Using Python to Design Water-Supply Wells

Vic Kelson

Audience level:
Intermediate
Category:
Science

Description

We've been using Python to analyze hydraulic data and design water wells in highly specialized, challenging, water-supply applications for over ten years. This poster will show some examples for innovative groundwater hydraulic analysis, explain how Python is used to do the work, and the open-source codes that support our work.

Abstract

For groundwater hydrologists, there are many "off-the-shelf" mathematical and computational tools available for use in analyzing field tests, designing wells, and predicting the impacts of wells on nearby water resources, and potentially, contaminated sites. However, water supplies are becoming more scarce -- competition for water in developed areas is a growing challenge, water-quality issues are more and more important, and in more and more cases, we now seek to develop groundwater resources that have very specific challenges. An example is the encroachment of salty water into the aquifers that serve Baton Rouge, LA. Brackish water has been migrating northward from a fault in southern Baton Rouge since the 1960s; now it threatens an important public water-supply well field. While considering an innovative "scavenger well" strategy for removing the salty water and separating it from the overlying fresh water, we used Python to develop a 3D model of flow near the scavenger wells. Our model, based on the open-source Python code TimML, gave us the tools we needed to refine and evaluate the performance of the various design options. Now, the wells are under construction and should be on-line in 2014. We also have developed Python tools for analyzing aquifer tests in settings where the wells are specifically designed to pump water from surface waters.
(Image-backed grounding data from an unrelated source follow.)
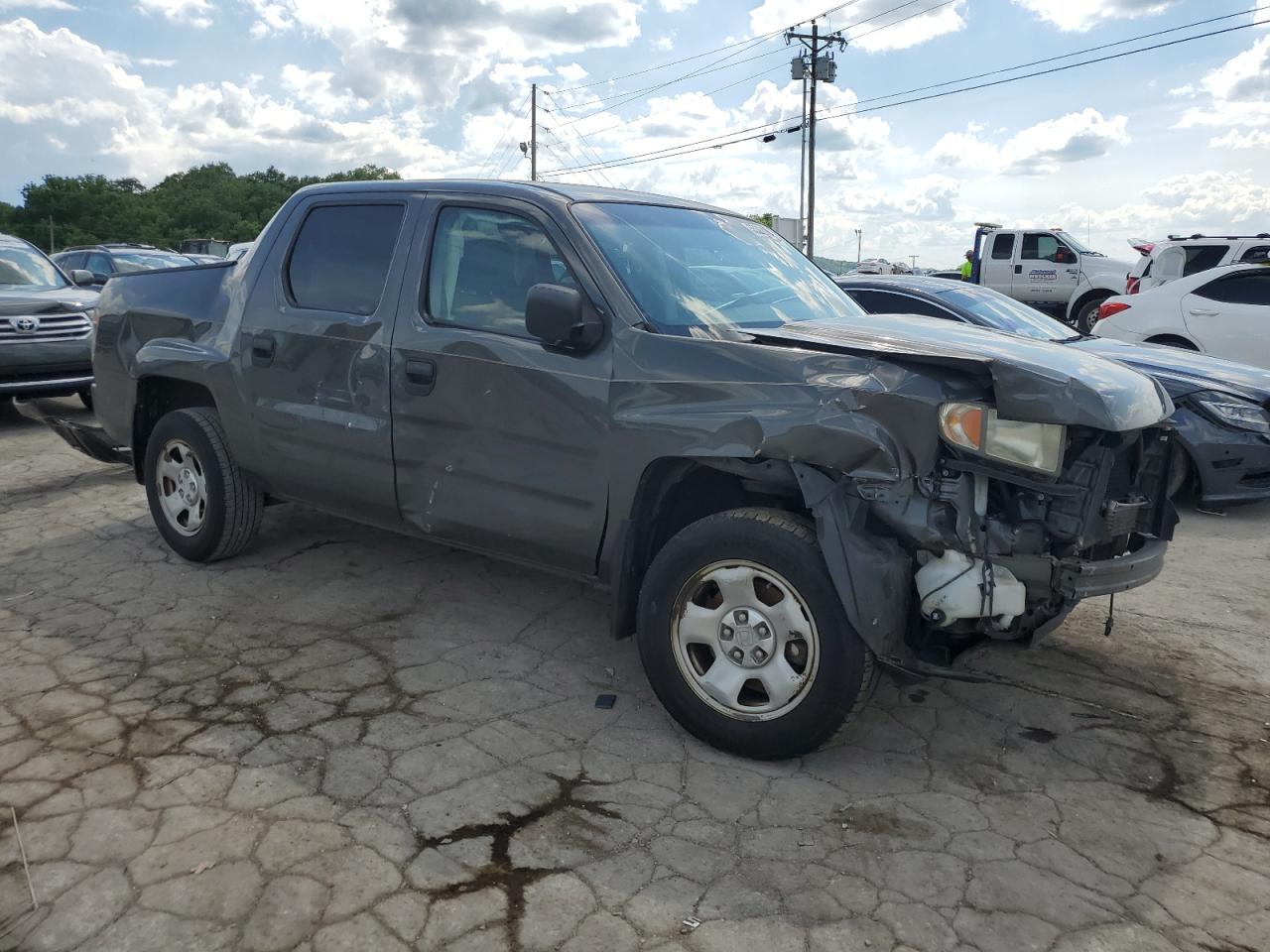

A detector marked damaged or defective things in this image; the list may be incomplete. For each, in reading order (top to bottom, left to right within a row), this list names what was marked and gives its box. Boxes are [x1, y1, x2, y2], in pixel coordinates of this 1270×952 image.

dented driver door [391, 195, 614, 573]
damaged gray pickup truck [71, 179, 1178, 762]
exposed headlight assembly [940, 404, 1067, 477]
exposed headlight assembly [1194, 391, 1264, 436]
cracked concrete pavement [2, 396, 1270, 952]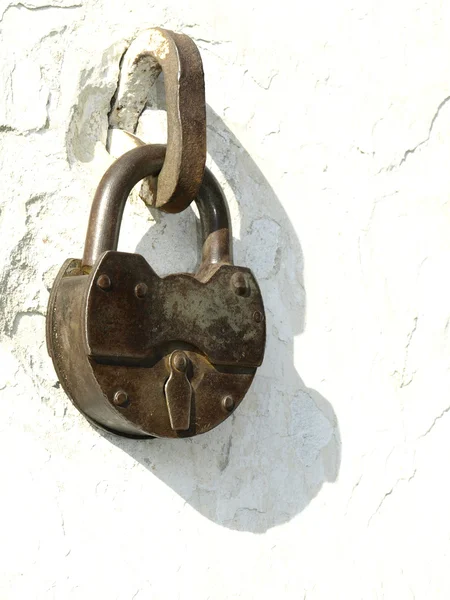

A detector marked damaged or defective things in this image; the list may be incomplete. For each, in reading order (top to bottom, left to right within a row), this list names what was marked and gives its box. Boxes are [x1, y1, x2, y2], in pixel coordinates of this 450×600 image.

rusty padlock [46, 144, 264, 436]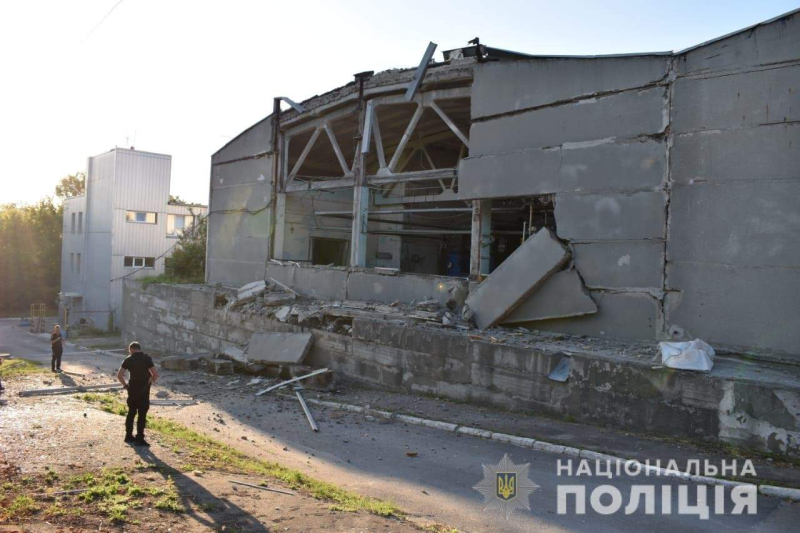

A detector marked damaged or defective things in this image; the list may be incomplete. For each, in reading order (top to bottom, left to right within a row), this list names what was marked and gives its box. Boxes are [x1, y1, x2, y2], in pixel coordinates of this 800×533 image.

broken concrete panel [680, 12, 800, 75]
broken concrete panel [212, 115, 272, 165]
broken concrete panel [472, 87, 664, 156]
broken concrete panel [472, 55, 672, 118]
broken concrete panel [672, 65, 800, 134]
broken concrete panel [676, 123, 800, 185]
broken concrete panel [552, 192, 664, 240]
broken concrete panel [668, 181, 800, 268]
broken concrete panel [466, 228, 572, 330]
broken concrete panel [504, 270, 596, 324]
broken concrete panel [536, 290, 660, 340]
broken concrete panel [572, 242, 664, 288]
broken concrete panel [664, 260, 800, 356]
broken concrete panel [247, 330, 316, 364]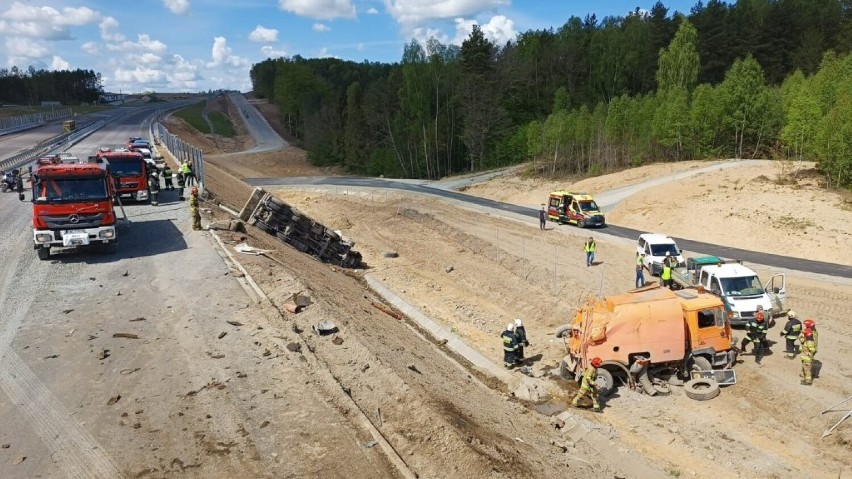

Once we understand our ability to withdraw water from the river, we use a Python tool to design large production wells and then to build input data for water-quality analysis. While our work is related to water development, the poster focuses on a more important question: What do we do when we have a problem that doesn't fit in with an established analysis toolkit? The purpose of this poster is to use our experiences to demonstrate that Python is a uniquely powerful tool for engineering design and analysis in the real world. Since it's a poster session, I anticipate that the most interest in this topic will be from people in business, engineering, and science whose major interest is based on real-world applications, creative problem-solving approaches, and rapid development of analytical tools. Also, folks who are focused on scientific applications (especially students and new Python users); we use all the "usual" Python scientific libraries, plus some that we've crafted ourselves.